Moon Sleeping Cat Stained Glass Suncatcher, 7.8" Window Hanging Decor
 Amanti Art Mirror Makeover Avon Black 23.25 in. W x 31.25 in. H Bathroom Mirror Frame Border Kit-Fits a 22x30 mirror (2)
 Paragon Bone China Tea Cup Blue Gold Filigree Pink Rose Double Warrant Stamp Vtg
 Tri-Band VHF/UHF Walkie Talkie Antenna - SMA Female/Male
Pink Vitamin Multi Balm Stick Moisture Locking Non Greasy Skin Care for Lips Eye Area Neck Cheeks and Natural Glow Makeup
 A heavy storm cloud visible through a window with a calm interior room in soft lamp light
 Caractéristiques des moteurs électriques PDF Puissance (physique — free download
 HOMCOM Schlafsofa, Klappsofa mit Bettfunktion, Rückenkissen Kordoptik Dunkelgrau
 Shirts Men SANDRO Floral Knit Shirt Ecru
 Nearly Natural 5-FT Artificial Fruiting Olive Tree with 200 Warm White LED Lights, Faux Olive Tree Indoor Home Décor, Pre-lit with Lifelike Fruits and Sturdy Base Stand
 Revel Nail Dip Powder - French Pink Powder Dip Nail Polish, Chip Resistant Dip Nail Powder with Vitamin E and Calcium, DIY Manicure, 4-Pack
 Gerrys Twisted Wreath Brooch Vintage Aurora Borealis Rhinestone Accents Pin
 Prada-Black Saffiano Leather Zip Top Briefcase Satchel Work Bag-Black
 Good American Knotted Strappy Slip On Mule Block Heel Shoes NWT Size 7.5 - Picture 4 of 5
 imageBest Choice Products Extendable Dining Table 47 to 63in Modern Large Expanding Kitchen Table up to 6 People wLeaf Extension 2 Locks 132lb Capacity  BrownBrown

++++++

_WHAT THIS TASK INVOLVES_:
Every record above should be copied exactly.

_YOUR RESPONSE_:
Moon Sleeping Cat Stained Glass Suncatcher, 7.8" Window Hanging Decor
 Amanti Art Mirror Makeover Avon Black 23.25 in. W x 31.25 in. H Bathroom Mirror Frame Border Kit-Fits a 22x30 mirror (2)
 Paragon Bone China Tea Cup Blue Gold Filigree Pink Rose Double Warrant Stamp Vtg
 Tri-Band VHF/UHF Walkie Talkie Antenna - SMA Female/Male
Pink Vitamin Multi Balm Stick Moisture Locking Non Greasy Skin Care for Lips Eye Area Neck Cheeks and Natural Glow Makeup
 A heavy storm cloud visible through a window with a calm interior room in soft lamp light
 Caractéristiques des moteurs électriques PDF Puissance (physique — free download
 HOMCOM Schlafsofa, Klappsofa mit Bettfunktion, Rückenkissen Kordoptik Dunkelgrau
 Shirts Men SANDRO Floral Knit Shirt Ecru
 Nearly Natural 5-FT Artificial Fruiting Olive Tree with 200 Warm White LED Lights, Faux Olive Tree Indoor Home Décor, Pre-lit with Lifelike Fruits and Sturdy Base Stand
 Revel Nail Dip Powder - French Pink Powder Dip Nail Polish, Chip Resistant Dip Nail Powder with Vitamin E and Calcium, DIY Manicure, 4-Pack
 Gerrys Twisted Wreath Brooch Vintage Aurora Borealis Rhinestone Accents Pin
 Prada-Black Saffiano Leather Zip Top Briefcase Satchel Work Bag-Black
 Good American Knotted Strappy Slip On Mule Block Heel Shoes NWT Size 7.5 - Picture 4 of 5
 imageBest Choice Products Extendable Dining Table 47 to 63in Modern Large Expanding Kitchen Table up to 6 People wLeaf Extension 2 Locks 132lb Capacity  BrownBrown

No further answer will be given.